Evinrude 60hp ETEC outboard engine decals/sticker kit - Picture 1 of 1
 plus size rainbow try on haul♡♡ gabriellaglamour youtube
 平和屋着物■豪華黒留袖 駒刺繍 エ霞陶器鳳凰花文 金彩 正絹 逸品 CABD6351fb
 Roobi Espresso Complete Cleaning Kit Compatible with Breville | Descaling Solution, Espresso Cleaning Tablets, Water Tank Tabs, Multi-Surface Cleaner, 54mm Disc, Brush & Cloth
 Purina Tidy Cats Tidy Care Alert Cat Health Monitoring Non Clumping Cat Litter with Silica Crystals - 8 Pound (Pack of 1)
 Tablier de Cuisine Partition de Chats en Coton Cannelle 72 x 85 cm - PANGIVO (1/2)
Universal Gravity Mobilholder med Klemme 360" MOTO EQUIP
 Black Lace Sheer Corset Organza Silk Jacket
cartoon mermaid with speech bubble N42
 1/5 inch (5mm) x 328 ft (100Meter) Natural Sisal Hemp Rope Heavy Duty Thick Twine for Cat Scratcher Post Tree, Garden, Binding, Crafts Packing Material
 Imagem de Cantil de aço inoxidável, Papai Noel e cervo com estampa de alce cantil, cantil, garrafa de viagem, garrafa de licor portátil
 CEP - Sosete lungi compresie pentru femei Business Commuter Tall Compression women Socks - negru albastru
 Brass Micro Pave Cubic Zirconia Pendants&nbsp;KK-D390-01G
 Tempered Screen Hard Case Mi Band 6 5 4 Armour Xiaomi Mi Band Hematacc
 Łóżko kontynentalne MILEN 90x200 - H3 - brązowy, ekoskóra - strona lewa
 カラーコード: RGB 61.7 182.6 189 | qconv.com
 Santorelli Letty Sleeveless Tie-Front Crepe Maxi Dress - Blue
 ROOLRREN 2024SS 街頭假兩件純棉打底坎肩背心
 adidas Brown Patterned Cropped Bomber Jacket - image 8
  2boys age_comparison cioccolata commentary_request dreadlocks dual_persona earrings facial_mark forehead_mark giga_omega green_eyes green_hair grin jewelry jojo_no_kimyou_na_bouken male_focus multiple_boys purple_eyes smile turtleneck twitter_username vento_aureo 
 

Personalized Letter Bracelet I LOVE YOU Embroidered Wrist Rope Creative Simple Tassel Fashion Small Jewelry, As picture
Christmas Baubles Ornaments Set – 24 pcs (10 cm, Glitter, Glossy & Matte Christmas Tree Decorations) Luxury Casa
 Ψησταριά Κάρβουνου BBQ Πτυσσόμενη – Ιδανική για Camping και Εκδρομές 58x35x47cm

****

#### [Work to complete]
Every line above from the line with "Tempered Screen Hard" to the line with "Personalized Letter Bracelet", both included, must be reproduced exactly, and no other line may appear.

#### [Exercise output]
 Tempered Screen Hard Case Mi Band 6 5 4 Armour Xiaomi Mi Band Hematacc
 Łóżko kontynentalne MILEN 90x200 - H3 - brązowy, ekoskóra - strona lewa
 カラーコード: RGB 61.7 182.6 189 | qconv.com
 Santorelli Letty Sleeveless Tie-Front Crepe Maxi Dress - Blue
 ROOLRREN 2024SS 街頭假兩件純棉打底坎肩背心
 adidas Brown Patterned Cropped Bomber Jacket - image 8
  2boys age_comparison cioccolata commentary_request dreadlocks dual_persona earrings facial_mark forehead_mark giga_omega green_eyes green_hair grin jewelry jojo_no_kimyou_na_bouken male_focus multiple_boys purple_eyes smile turtleneck twitter_username vento_aureo 
 

Personalized Letter Bracelet I LOVE YOU Embroidered Wrist Rope Creative Simple Tassel Fashion Small Jewelry, As picture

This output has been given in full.